After locating the line that contains "FREE PEOPLE ,NWT,mini", quote it and all lines after it through the end of the entries, and nothing more. Pictures stay out.

==== Exercise data

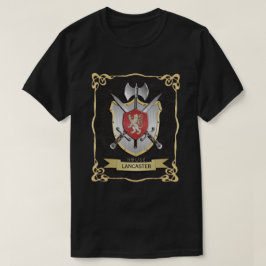 Löwe-Kampf-Wappen-Schwarzes T-Shirt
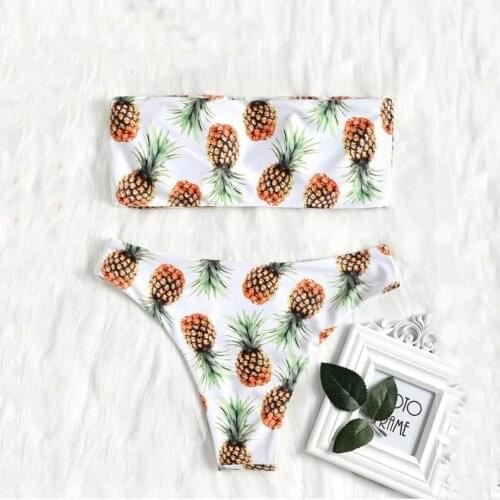 Women Print Tube up Two Pieces Bikini Push-Up Swimsuit Swimwear Beachwear Swimwear Women Bikini Set 2020 Sexy Swimsuit Mujer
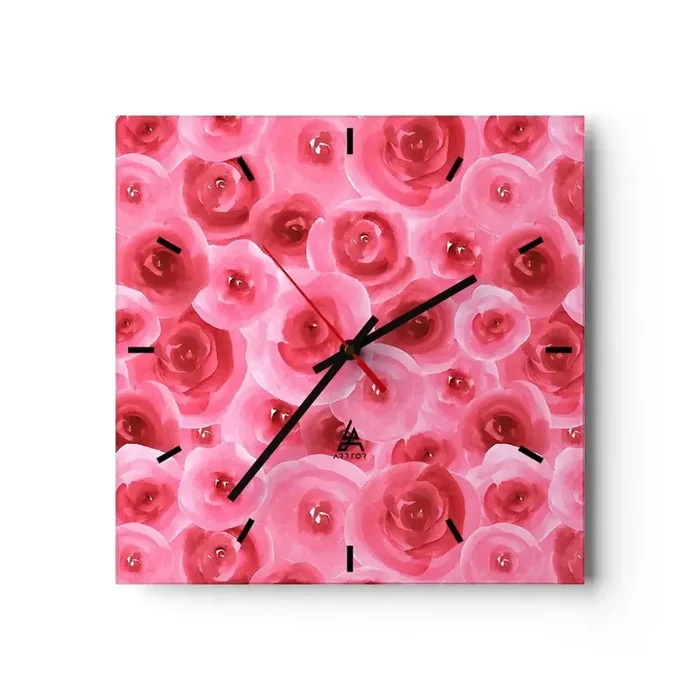 Reloj de pared – Reloj de vidrio – Rosas abajo y arriba – 40×40 cm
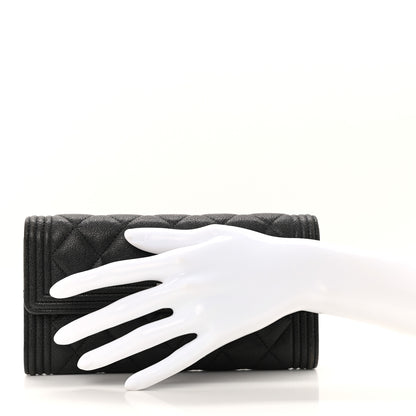 Chanel Metallic Caviar Quilted Boy Flap Wallet Black 2 of 10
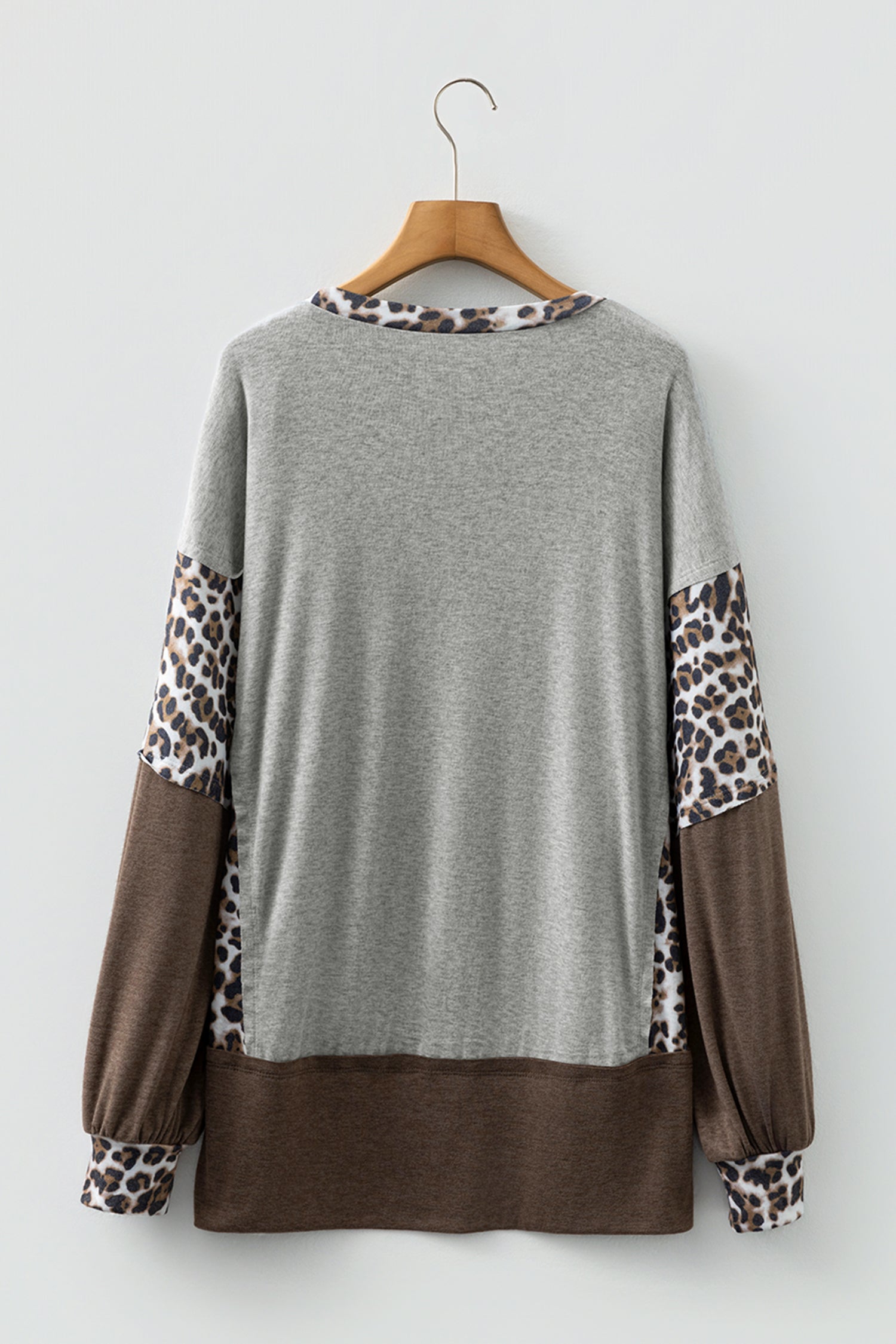 Grey Leopard Patchwork Dolman Sleeve High Low Baggy Top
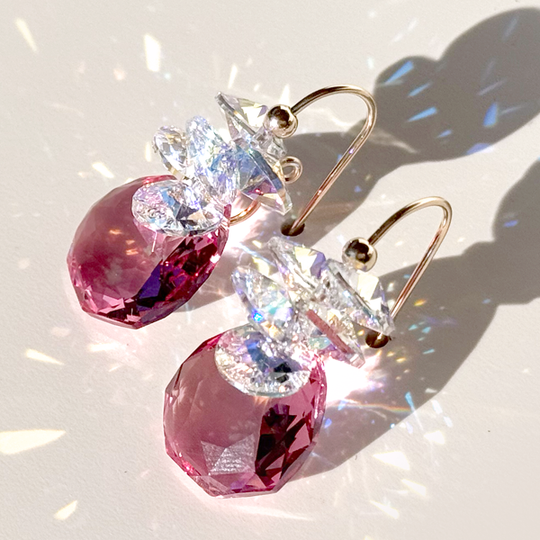 Regal Crystal Cluster Earrings - color pink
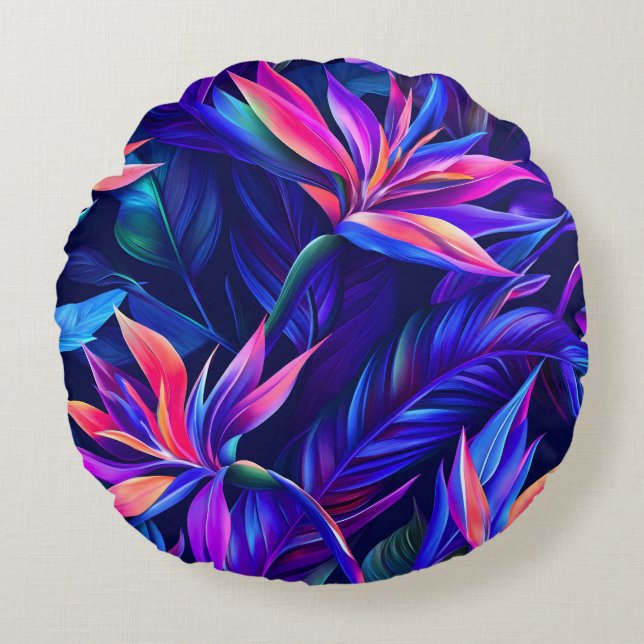 Cojín Redondo Bosque tropical nocturno (Anverso)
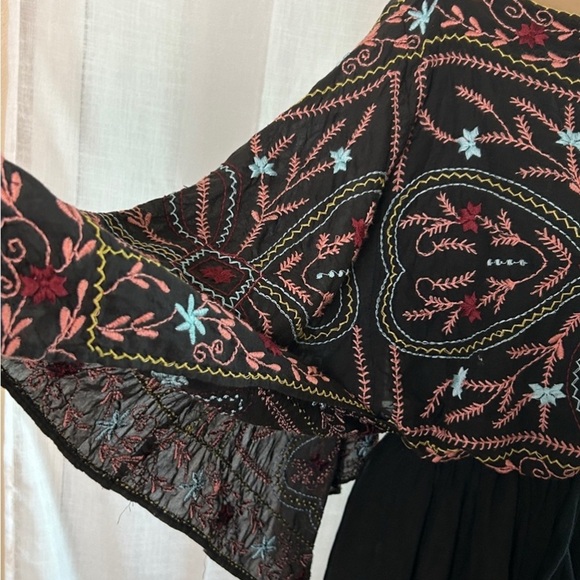 FREE PEOPLE ,NWT,mini dress,fairy,whimsical,cape sleeves,Frida print,embroidered - Picture 8 of 17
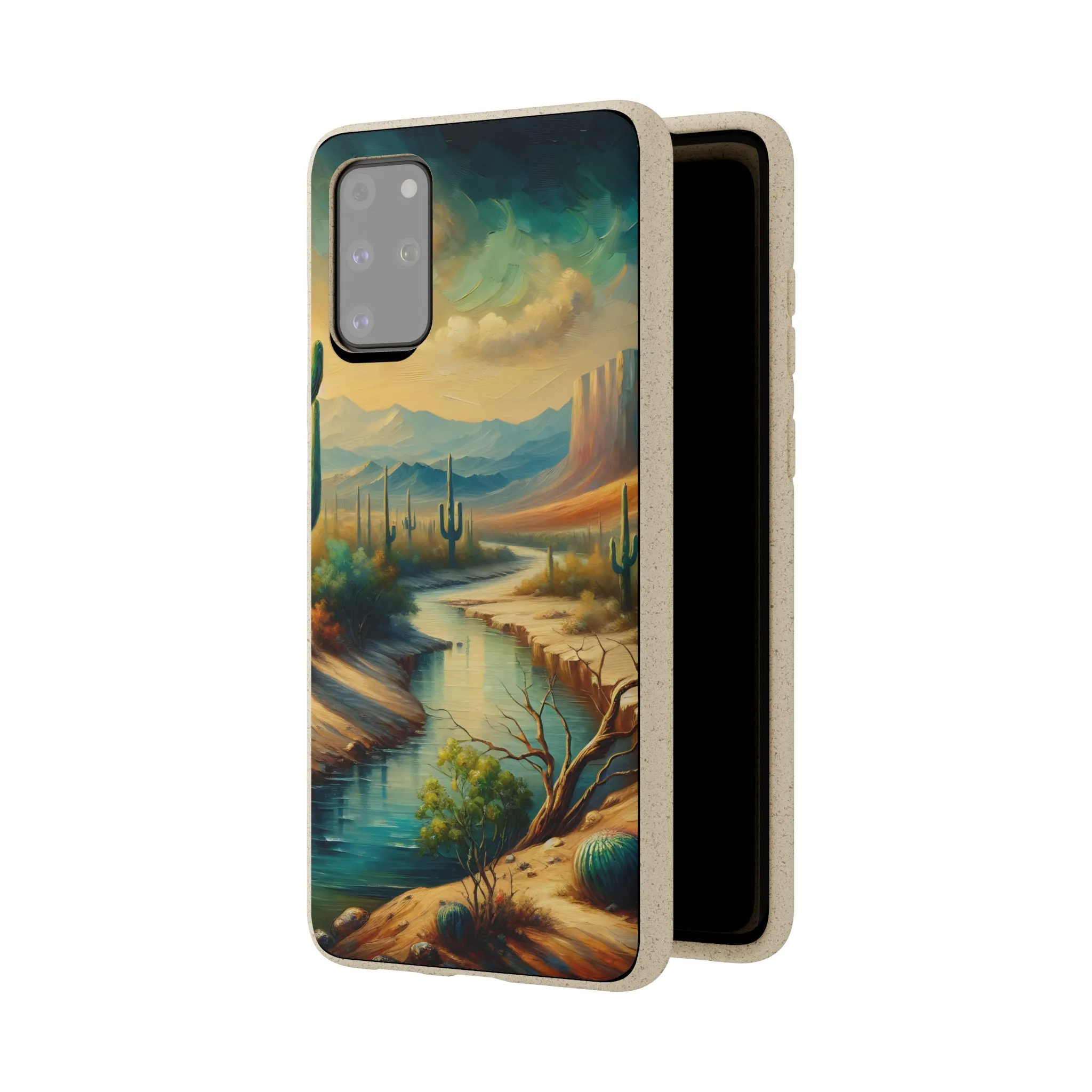 Phone Cases, Scenic River Mountain Desert Scene Midwest, Eco-Friendly, iPhone Samsung, All Models Available, Biodegradable Case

========

**Solution to the problem**
 FREE PEOPLE ,NWT,mini dress,fairy,whimsical,cape sleeves,Frida print,embroidered - Picture 8 of 17
 Phone Cases, Scenic River Mountain Desert Scene Midwest, Eco-Friendly, iPhone Samsung, All Models Available, Biodegradable Case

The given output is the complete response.